(Exercise directions): Only one span of the listing below should come back. It runs from the line with "KAWASAKI 2006 Crankshaft" through the line with "Jerusalem Sleep Trending Unisex T-Shirt Jerusalem", and each of its lines must be reproduced exactly.

(Information)

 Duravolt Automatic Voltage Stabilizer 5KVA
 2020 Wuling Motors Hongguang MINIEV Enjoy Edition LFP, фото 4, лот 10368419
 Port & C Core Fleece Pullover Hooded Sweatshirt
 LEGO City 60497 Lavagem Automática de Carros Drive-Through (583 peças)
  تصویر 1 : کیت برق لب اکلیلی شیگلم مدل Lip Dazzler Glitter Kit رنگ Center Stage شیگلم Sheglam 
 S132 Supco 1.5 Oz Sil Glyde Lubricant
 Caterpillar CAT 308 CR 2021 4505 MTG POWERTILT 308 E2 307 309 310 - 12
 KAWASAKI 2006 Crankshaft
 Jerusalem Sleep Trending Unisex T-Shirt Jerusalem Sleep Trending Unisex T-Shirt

(End Information)
(Information)

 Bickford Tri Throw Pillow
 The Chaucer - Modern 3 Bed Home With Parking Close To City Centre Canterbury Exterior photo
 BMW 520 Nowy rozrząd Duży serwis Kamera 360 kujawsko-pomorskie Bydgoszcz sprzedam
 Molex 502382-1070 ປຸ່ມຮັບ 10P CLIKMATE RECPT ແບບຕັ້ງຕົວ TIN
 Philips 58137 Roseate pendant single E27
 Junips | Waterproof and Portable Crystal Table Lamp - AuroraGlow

(End Information)
(Information)

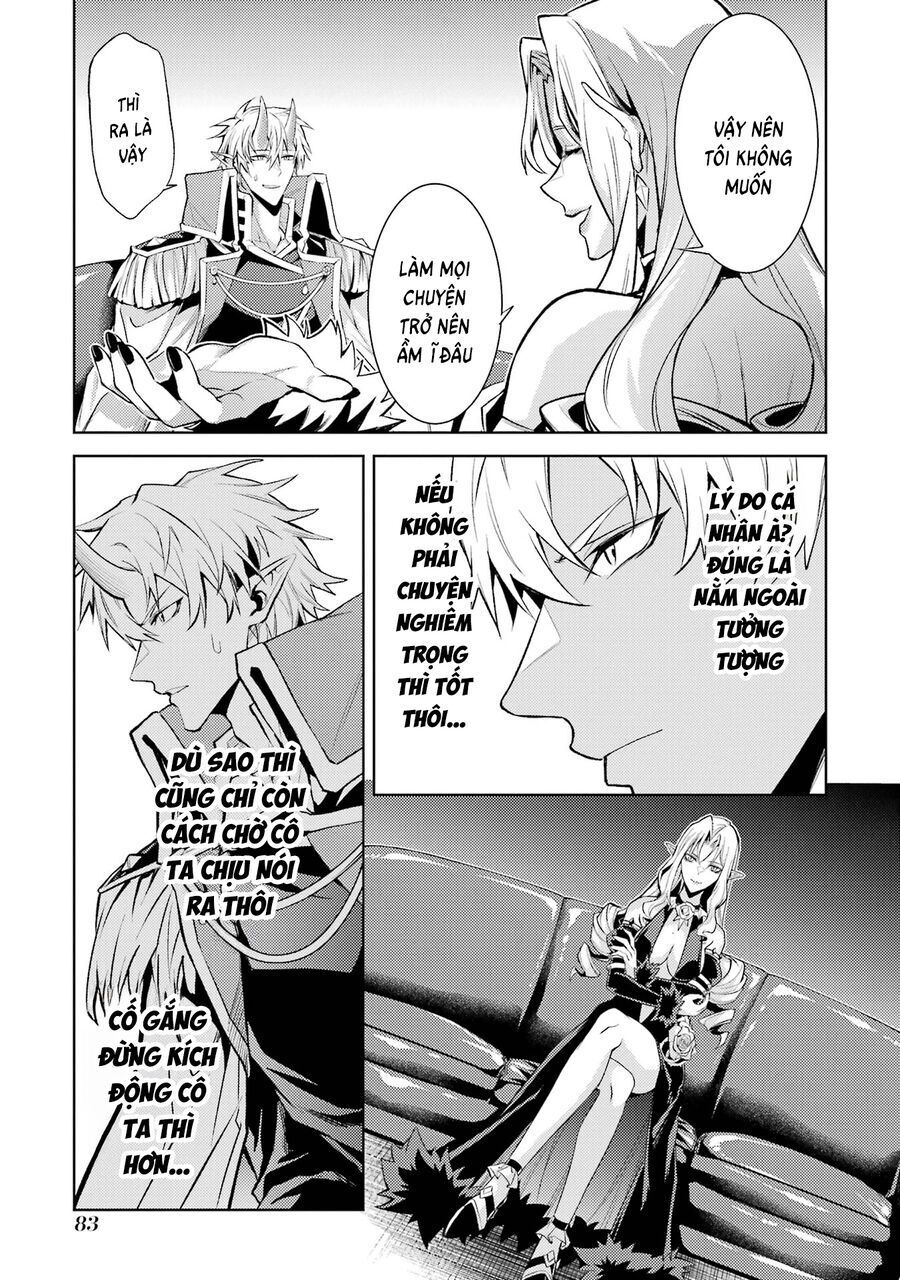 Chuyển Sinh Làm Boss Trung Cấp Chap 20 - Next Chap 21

(End Information)

(Output):
 KAWASAKI 2006 Crankshaft
 Jerusalem Sleep Trending Unisex T-Shirt Jerusalem Sleep Trending Unisex T-Shirt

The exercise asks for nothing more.